> **WHAT TO DO**: Print every entry word for word, but omit the pictures.

> **RECORDED DATA**:
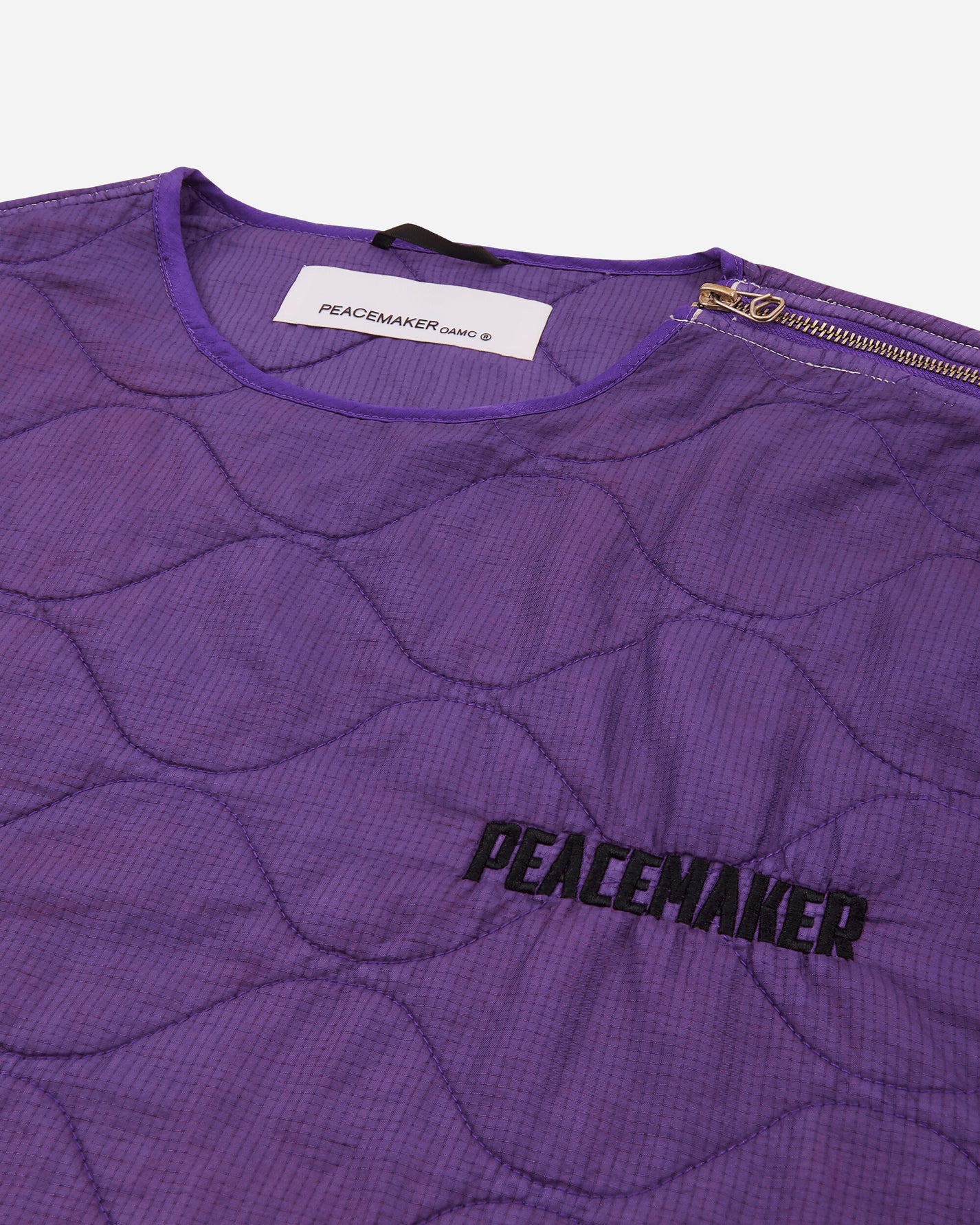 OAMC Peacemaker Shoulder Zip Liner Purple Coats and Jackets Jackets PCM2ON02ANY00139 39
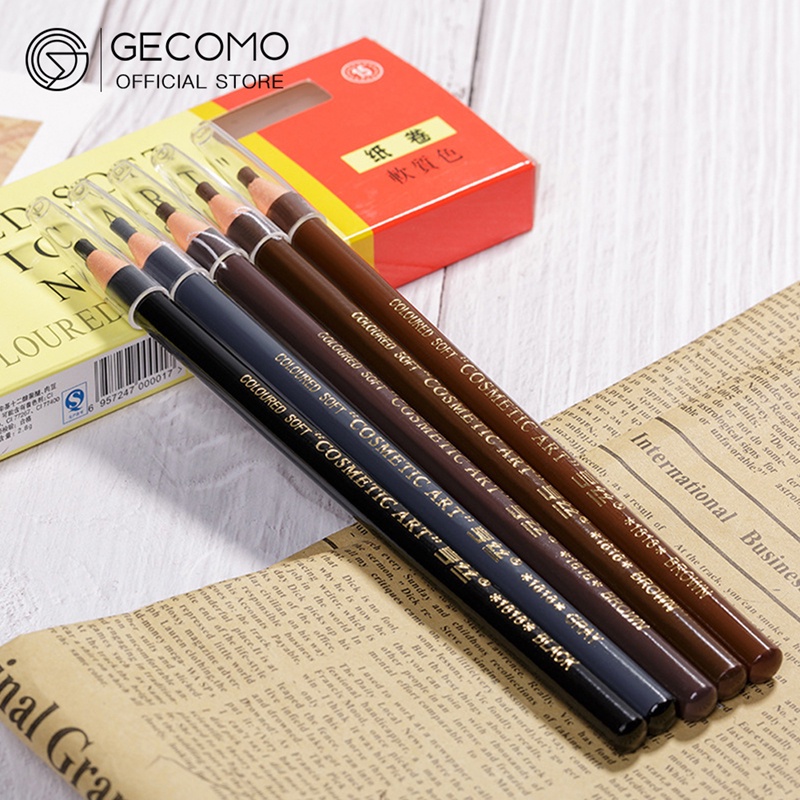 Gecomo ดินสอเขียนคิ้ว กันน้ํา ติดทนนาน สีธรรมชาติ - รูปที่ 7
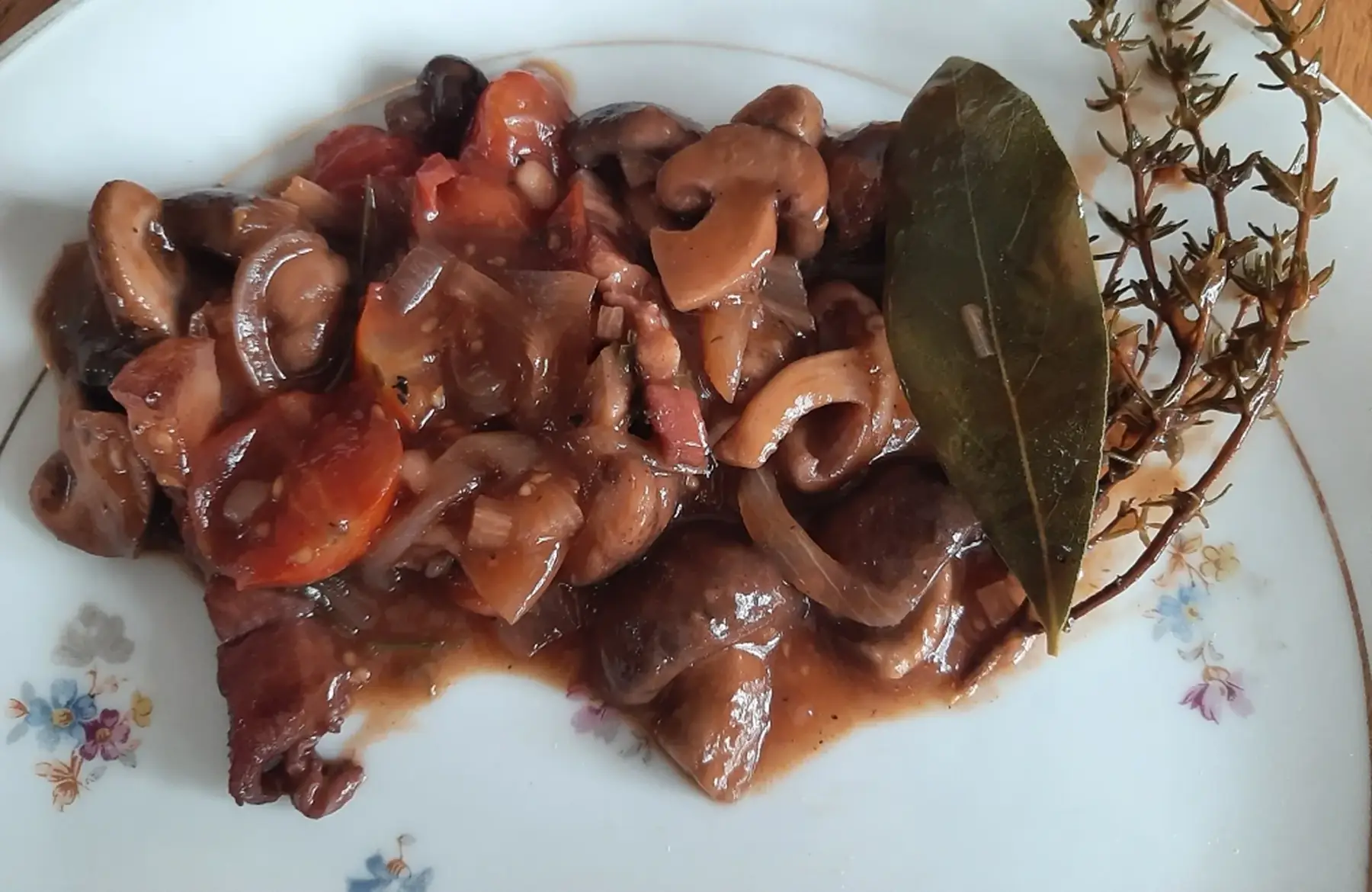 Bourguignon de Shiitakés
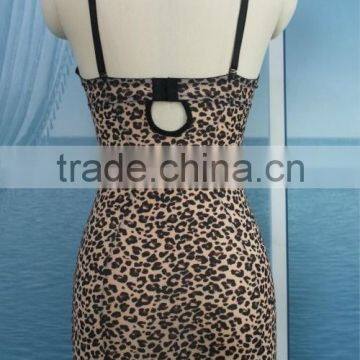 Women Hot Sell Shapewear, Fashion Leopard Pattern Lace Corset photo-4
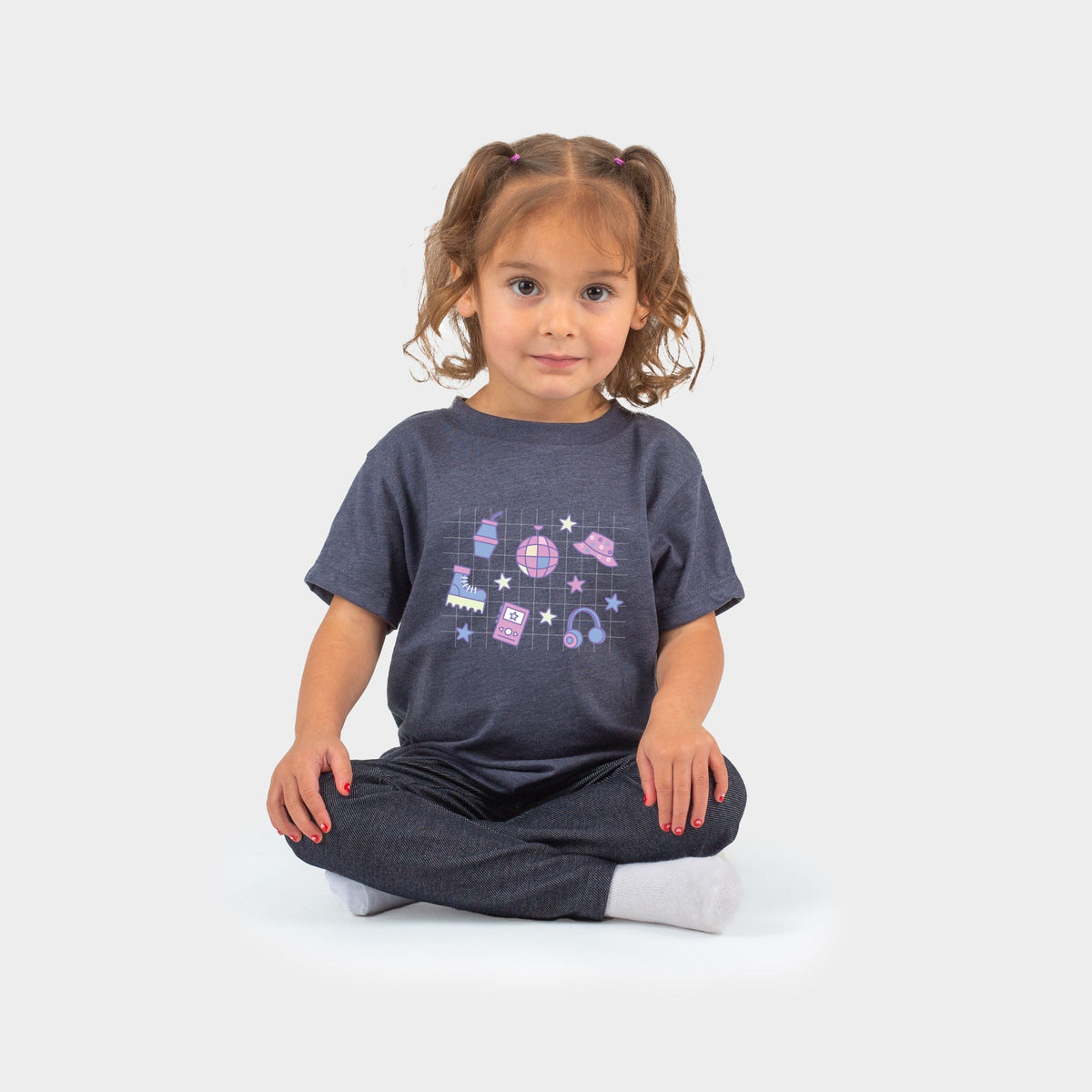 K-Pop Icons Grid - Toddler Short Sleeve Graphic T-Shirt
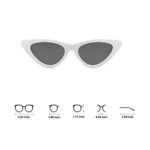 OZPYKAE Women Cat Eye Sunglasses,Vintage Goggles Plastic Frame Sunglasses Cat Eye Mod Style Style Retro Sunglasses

> **ANSWER SECTION**:
 OAMC Peacemaker Shoulder Zip Liner Purple Coats and Jackets Jackets PCM2ON02ANY00139 39
 Gecomo ดินสอเขียนคิ้ว กันน้ํา ติดทนนาน สีธรรมชาติ - รูปที่ 7
 Bourguignon de Shiitakés
 Women Hot Sell Shapewear, Fashion Leopard Pattern Lace Corset photo-4
 K-Pop Icons Grid - Toddler Short Sleeve Graphic T-Shirt
 OZPYKAE Women Cat Eye Sunglasses,Vintage Goggles Plastic Frame Sunglasses Cat Eye Mod Style Style Retro Sunglasses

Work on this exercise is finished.